__PROBLEM DETAILS__:
Could you repeat the records shown below exactly as written?

*** RECORDS SUPPLIED

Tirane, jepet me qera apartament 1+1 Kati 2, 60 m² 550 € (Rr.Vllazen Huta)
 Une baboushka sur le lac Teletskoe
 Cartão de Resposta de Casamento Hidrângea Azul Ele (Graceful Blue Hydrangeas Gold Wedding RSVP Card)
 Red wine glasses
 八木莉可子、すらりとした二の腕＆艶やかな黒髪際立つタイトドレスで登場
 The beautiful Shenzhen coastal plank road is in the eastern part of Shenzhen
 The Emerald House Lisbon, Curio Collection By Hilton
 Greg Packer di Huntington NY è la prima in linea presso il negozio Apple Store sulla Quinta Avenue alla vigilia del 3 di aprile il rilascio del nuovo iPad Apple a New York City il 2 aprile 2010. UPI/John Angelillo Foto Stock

******

__RESPONSE TO THIS TASK__:
Tirane, jepet me qera apartament 1+1 Kati 2, 60 m² 550 € (Rr.Vllazen Huta)
 Une baboushka sur le lac Teletskoe
 Cartão de Resposta de Casamento Hidrângea Azul Ele (Graceful Blue Hydrangeas Gold Wedding RSVP Card)
 Red wine glasses
 八木莉可子、すらりとした二の腕＆艶やかな黒髪際立つタイトドレスで登場
 The beautiful Shenzhen coastal plank road is in the eastern part of Shenzhen
 The Emerald House Lisbon, Curio Collection By Hilton
 Greg Packer di Huntington NY è la prima in linea presso il negozio Apple Store sulla Quinta Avenue alla vigilia del 3 di aprile il rilascio del nuovo iPad Apple a New York City il 2 aprile 2010. UPI/John Angelillo Foto Stock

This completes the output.